Imagine what it would feel like to have just tongue, saliva and lips in that roll of rapturous pleasure- no teeth getting in the way like the interception of a rail crossing along a major road. Wouldn’t that be fantastic?

Also consider, even though remote, that possibility of being bitten in the heat of the moment while kissing, that wouldn’t be fun now, would it? (except if you get the kicks from sadomasochism), because then there’d be an increased risk of contracting HIV. That would certainly not be a good thing.

…there goes a point for toothless-ness!

In the spirit of fairness, I did some findings on my own just to balance the scale (the mouth must be made for more than the lustful).

There is the eating, chewing, cracking, munching, breaking e.t.c (how could I forget???), that should have been the first to present. But hey, man shall not live by bread alone, right?  And didn’t that wizened economist Abraham Maslow group sex -and all its lustful accompaniment, on the same basal level as food in his theory of the human need? That man has a good head on his neck for sure.

Inspite of Maslow’s brilliance, food still gets a little concession in the order of things in my book, and this irrefutably brings the teeth to the fore. I definitely need for this to be the last time I go for a tooth extraction or I might as well order for that prosthetics now.

Okay I give up.

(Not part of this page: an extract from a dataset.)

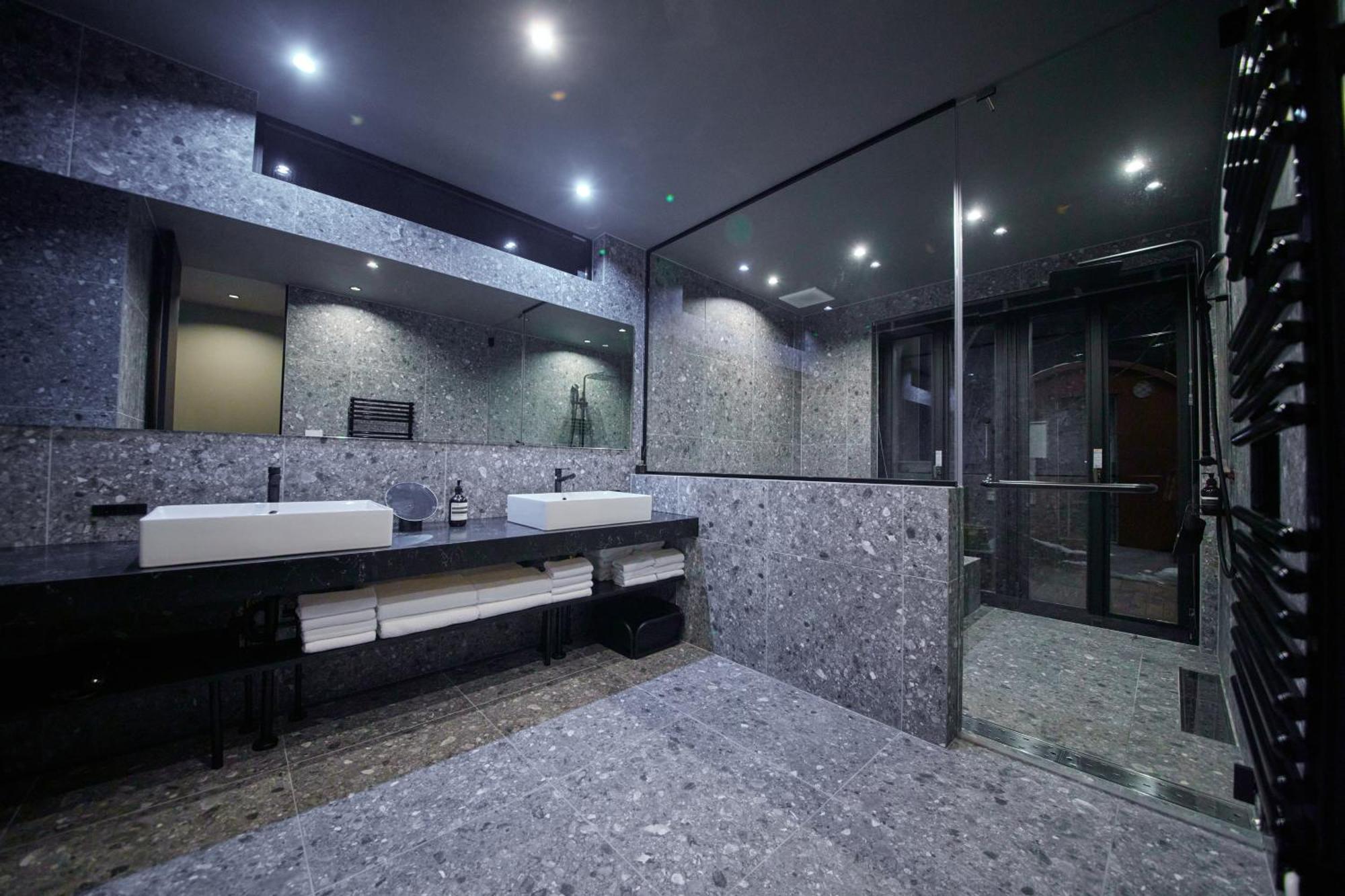 Hakuba Hibiku Chalet By Jade Group エクステリア 写真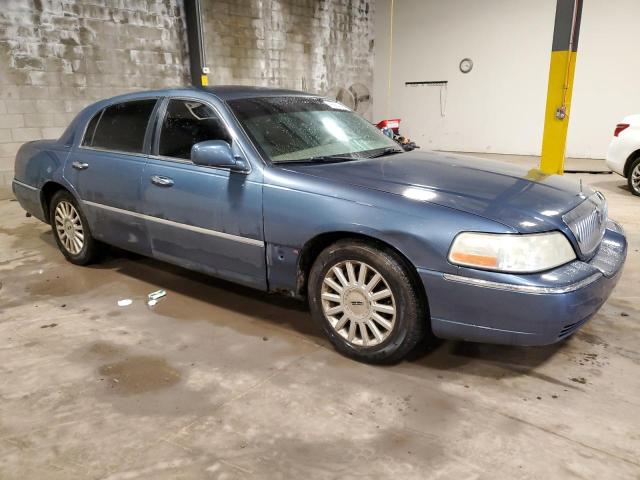 Photo 3 VIN: 1LNHM81W55Y602017 - LINCOLN TOWNCAR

A toothless grin would not exactly become a fashionable thing in my time, but I still say out with the bad tooth!

23:05 hrs       04/09/2012.


18 thoughts on “Twice the Toothsie : Musings of A Reprieved Man” by midas (@midas)

  1. Daireen (@daireenonline)

    Toothache, Damning experience. Only solution, use valium, and that doesn’t guarantee you’ll sleep sef. Kpele, hope you’re better?

    1. Valium gini? Those bugs came to party & nothing would stop ’em. Anyways, I had the tooth removed. I’m all better now. Thanks.

  2. Guy, trust me. Take it from someone who once had a tooth pulled without an anaesthesic, I know what you mean. I don’t know any other pain that drowns that. I don’t.

    A toothache is horrible. It iS HORRIBLE.

    1. Horrible is the word. I know all about it. Been through two of these ordeals. It’s why they call me twice the toothsie :-)

  3. How did you get to write this in so many words?

    You write really good.

    1. Thanks.

      Experience @kaycee, , and then writing has always been my safe harbor. Think a thing through and you’ll come up with too many facts than you can handle.
      I vent through my pen, even Freud will be surprised.

  4. Well written my grandma had the experience and every member of the family had to be on their toes

    1. Awww, that must have been terrible for an old lady. I pray you do not experience it ever!

  5. I have been through it, but mine was not so bad. It was bad when the dentist did not wait for the anaesthetic to take effect before tugging and eventually dragging out the tooth. Caused me bruises, lips and mouth… That dentist ehn!

    1. Trust me the tugging is nothing compared to the pain that heralds the visit to the dentist.
      Thanks for reading.

  6. Artfully written.

    …those milk teeth after FALLEN off get sacrificed…. FALLING

      1. You’re very welcome!

  7. ack! can be the horror and a toothless grin certainly not fashionable..

    1. @ville: Certainly not fashionable. Thanks for reading.

  8. You are a very very good writer. Wow! This is beautiful writing and I much admire it. I like the way your use of words prevented me from reading the story in a rush.

    To tooth things: hmmm…me I pray I never experience this o. Remember how disoriented a grown man I know became, when he had a toothache. I also remember the screams that came from another grown man while I accompanied my sister to the dentist’s.

    Well done jare. Good work of introspection. Keep improving your art.

    1. @chemokopi: Thanks for the weighty endorsement. I appreciate it.
      I pray you do not experience it too. I wouldn’t, in a thousand lifetimes, have thought a toothache would bring me down to my knees too. The pain is better witnessed from afar off than personally experienced.